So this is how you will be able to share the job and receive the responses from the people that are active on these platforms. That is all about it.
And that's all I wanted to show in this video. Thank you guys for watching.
==
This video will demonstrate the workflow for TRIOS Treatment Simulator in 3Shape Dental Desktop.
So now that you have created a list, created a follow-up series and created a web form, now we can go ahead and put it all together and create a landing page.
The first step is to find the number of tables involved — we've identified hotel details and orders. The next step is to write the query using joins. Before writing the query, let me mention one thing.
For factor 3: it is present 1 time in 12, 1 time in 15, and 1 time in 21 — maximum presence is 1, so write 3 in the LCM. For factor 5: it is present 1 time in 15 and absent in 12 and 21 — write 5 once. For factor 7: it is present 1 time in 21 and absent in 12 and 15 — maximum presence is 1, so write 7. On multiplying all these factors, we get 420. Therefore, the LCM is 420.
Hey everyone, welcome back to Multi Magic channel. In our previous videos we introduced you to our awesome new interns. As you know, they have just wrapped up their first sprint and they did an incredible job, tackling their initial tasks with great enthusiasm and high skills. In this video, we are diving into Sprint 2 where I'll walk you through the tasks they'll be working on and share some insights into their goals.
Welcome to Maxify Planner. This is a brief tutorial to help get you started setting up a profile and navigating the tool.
* * *
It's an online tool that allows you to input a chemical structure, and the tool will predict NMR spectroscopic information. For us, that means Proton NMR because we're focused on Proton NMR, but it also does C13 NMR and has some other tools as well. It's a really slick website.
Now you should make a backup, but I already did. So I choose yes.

## EXERCISE GOAL
Using the listing, copy every line where the word "tool" shows up.

## SOLVED PROBLEM
Welcome to Maxify Planner. This is a brief tutorial to help get you started setting up a profile and navigating the tool.
It's an online tool that allows you to input a chemical structure, and the tool will predict NMR spectroscopic information. For us, that means Proton NMR because we're focused on Proton NMR, but it also does C13 NMR and has some other tools as well. It's a really slick website.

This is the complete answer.